Начавшаяся в 1914 г. война, казалось, означала победу «путейцев» над «логосовцами». («Логос» прекратил свое существование на втором выпуске 1914 г.) Но победа эта была мнимой: аргументы чисто философские сменились аргументацией идеологической, а зачастую и откровенно политической.
Русская философия накануне 1914 г. приближалась к еще не вполне отчетливому синтезу. Вектором того параллелограмма сил, составными частями коего были «почвенники» и «трансценденталисты», мог бы стать символизм. Но, к сожалению, помимо чисто «исторических обстоятельств», этому помешало еще и следующее.
Наиболее «шумными» и потому, как тогда казалось, «типичными» представителями каждого лагеря были наиболее «крайние» или «воинственно настроенные»: у «путейцев» В. Ф. Эрн, у символистов – А. Белый, у «логосовцев» – Б. В. Яковенко. Были и «центристы» (С. Н. Булгаков, В. И. Иванов, С. И. Гессен), и свои «колеблющиеся» (Н. А. Бердяев, Ф. А. Степун).
Что касается общего «внешнего врага», то здесь все три «силы» обнаруживали удивительное единодушие, этим врагом в широком смысле слова была любая партийно-политическая идеология, в узком – идеология большевизма и марксизма. К чести «логосовцев», «путейцев» и «символистов» (последние, впрочем, не без исключения: А. Белый, А. Блок, В. Брюсов – но это поэты, «существа крылатые»), ни один из них не запятнал себя искренним сотрудничеством с советской властью; почти все они оказались в эмиграции, где в меру сил и возможностей продолжали дело, начатое в России.
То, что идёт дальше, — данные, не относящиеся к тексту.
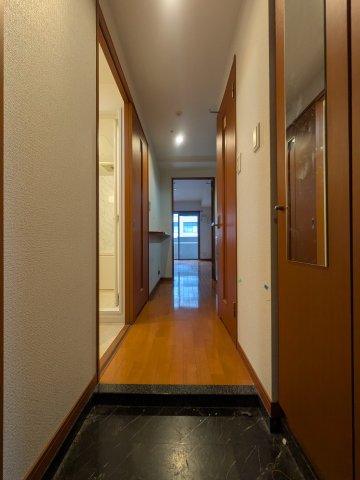 赤坂ランドマークタワーの玄関写真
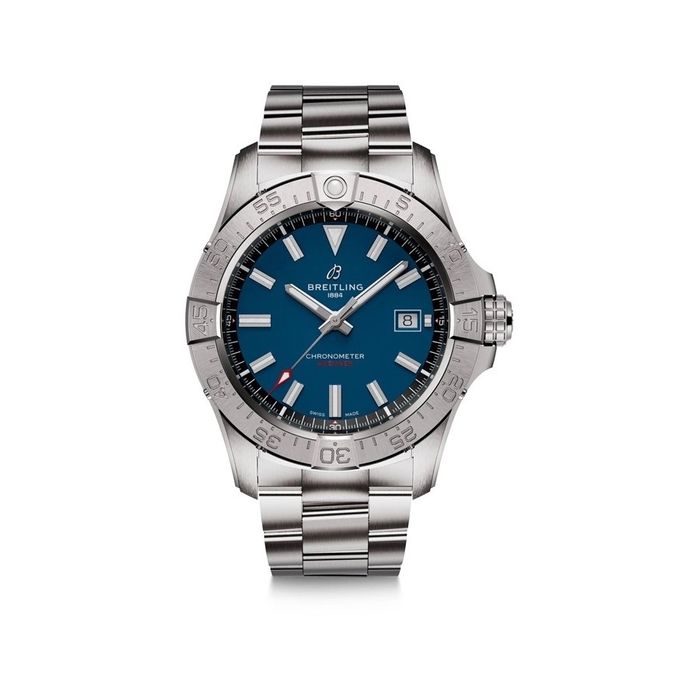 Часовник Breitling Avenger 42 Blue Dial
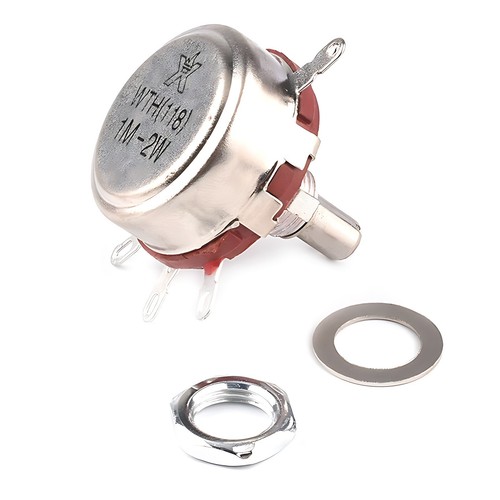 Potentiometer dreh poti 470r - poti,
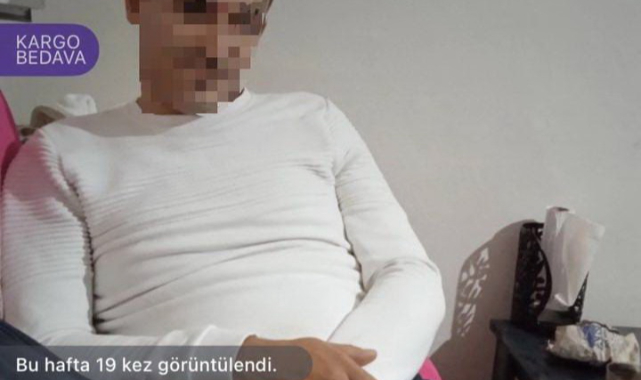 İkinci el satış uygulamasından kocasını satılığa çıkardı. Sosyal medya o ilanı konuşuyor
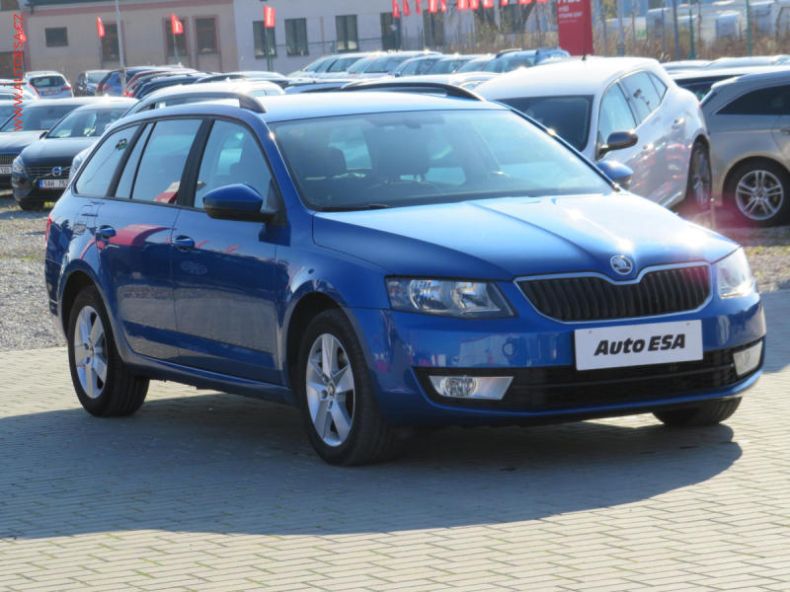 Škoda Octavia - hlavní fotka inzerátu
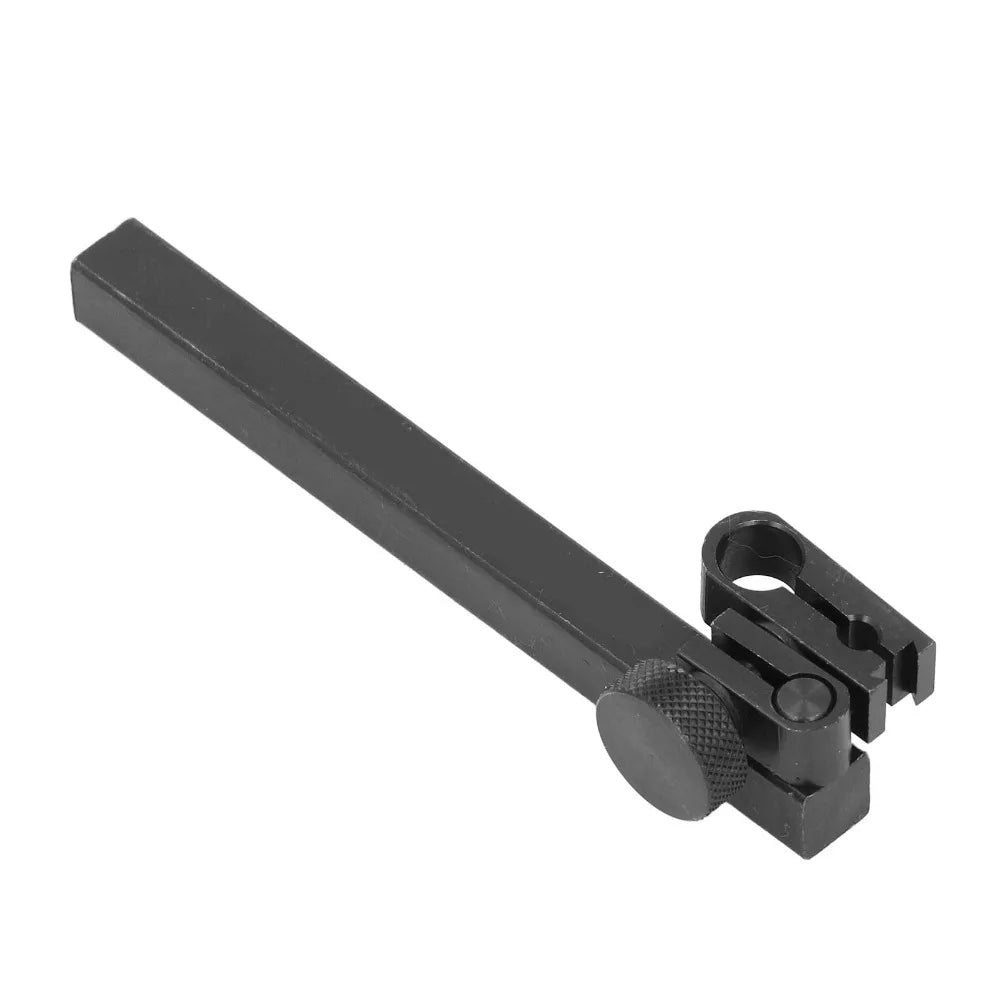 Iron Dial Indicator Holder Swivel Clamp 9×9×100mm Rod Indicator Holder Clamp SWANS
Еще более примечателен в этом смысле «прообраз» будущего сотрудничества «Логоса» и «Пути» – сборник «Вехи», под обложкой которого сошлись будущие «путейцы» (Бердяев, Булгаков, Гершензон) и будущие «логосовцы» (Кистяковский, Франк, Струве). За вычетом Изгоева, не примкнувшего ни к одной из группировок, «Путь» и «Логос» поделили веховцев строго пополам. Но политические факторы (война, революция и т. п.) – всегда внешние в чисто философском споре. К счастью, все эти «линии сближения» отчетливо выписаны и теоретически обоснованы в «Свете Невечернем».